* [WORK TASK]: Starting with the line that contains "Joyful white adult" and stopping after the line that contains "Submerged cars are", copy the entries below exactly. Include nothing else.

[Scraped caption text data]
····················
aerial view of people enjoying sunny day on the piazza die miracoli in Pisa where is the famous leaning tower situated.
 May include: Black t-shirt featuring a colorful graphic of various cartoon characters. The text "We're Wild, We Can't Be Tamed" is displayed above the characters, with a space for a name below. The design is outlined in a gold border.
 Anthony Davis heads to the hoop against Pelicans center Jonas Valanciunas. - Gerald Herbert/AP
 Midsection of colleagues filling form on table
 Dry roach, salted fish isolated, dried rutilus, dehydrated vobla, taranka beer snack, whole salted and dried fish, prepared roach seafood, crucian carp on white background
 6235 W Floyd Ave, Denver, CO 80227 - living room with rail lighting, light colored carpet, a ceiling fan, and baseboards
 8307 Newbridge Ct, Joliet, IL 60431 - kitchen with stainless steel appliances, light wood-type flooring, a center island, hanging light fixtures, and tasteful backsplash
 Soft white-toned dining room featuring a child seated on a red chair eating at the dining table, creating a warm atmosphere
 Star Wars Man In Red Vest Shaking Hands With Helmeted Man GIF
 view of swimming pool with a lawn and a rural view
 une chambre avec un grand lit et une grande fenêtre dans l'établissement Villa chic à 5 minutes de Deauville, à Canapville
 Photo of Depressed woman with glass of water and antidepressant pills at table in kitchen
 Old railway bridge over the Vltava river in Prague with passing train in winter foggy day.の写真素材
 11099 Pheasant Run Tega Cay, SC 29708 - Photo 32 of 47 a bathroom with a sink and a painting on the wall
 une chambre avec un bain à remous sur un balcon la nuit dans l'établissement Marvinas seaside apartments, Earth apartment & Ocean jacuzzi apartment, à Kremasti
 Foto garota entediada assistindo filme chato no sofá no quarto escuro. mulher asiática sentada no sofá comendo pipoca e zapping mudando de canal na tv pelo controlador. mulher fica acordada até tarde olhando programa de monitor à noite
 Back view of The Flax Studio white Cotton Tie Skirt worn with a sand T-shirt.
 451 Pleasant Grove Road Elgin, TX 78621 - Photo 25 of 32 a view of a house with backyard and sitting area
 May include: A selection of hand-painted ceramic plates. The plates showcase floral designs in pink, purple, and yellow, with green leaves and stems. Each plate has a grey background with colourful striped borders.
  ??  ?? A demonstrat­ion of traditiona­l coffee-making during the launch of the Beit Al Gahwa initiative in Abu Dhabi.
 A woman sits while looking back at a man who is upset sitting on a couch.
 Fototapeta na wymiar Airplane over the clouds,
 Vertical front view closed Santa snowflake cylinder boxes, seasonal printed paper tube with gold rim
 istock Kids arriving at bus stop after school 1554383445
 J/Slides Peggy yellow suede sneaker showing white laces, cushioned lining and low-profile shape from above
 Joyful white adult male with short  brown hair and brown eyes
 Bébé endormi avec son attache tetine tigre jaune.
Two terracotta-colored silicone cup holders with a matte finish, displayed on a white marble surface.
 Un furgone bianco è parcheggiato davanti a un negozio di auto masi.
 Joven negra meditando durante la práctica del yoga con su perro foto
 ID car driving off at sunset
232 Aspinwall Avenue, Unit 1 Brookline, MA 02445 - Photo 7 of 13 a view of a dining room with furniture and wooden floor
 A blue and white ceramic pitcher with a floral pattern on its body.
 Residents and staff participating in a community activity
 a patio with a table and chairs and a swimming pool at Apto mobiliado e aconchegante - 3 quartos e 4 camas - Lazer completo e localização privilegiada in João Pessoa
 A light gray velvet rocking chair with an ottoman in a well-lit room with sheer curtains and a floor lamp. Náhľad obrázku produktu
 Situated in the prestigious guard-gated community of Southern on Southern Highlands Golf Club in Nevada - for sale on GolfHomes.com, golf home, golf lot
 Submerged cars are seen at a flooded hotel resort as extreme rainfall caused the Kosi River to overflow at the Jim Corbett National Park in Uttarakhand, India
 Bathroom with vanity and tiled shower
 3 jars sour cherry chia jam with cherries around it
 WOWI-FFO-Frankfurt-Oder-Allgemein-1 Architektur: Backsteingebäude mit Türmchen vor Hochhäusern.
····················
* [OUTPUT FOR THIS EXERCISE]:
 Joyful white adult male with short  brown hair and brown eyes
 Bébé endormi avec son attache tetine tigre jaune.
Two terracotta-colored silicone cup holders with a matte finish, displayed on a white marble surface.
 Un furgone bianco è parcheggiato davanti a un negozio di auto masi.
 Joven negra meditando durante la práctica del yoga con su perro foto
 ID car driving off at sunset
232 Aspinwall Avenue, Unit 1 Brookline, MA 02445 - Photo 7 of 13 a view of a dining room with furniture and wooden floor
 A blue and white ceramic pitcher with a floral pattern on its body.
 Residents and staff participating in a community activity
 a patio with a table and chairs and a swimming pool at Apto mobiliado e aconchegante - 3 quartos e 4 camas - Lazer completo e localização privilegiada in João Pessoa
 A light gray velvet rocking chair with an ottoman in a well-lit room with sheer curtains and a floor lamp. Náhľad obrázku produktu
 Situated in the prestigious guard-gated community of Southern on Southern Highlands Golf Club in Nevada - for sale on GolfHomes.com, golf home, golf lot
 Submerged cars are seen at a flooded hotel resort as extreme rainfall caused the Kosi River to overflow at the Jim Corbett National Park in Uttarakhand, India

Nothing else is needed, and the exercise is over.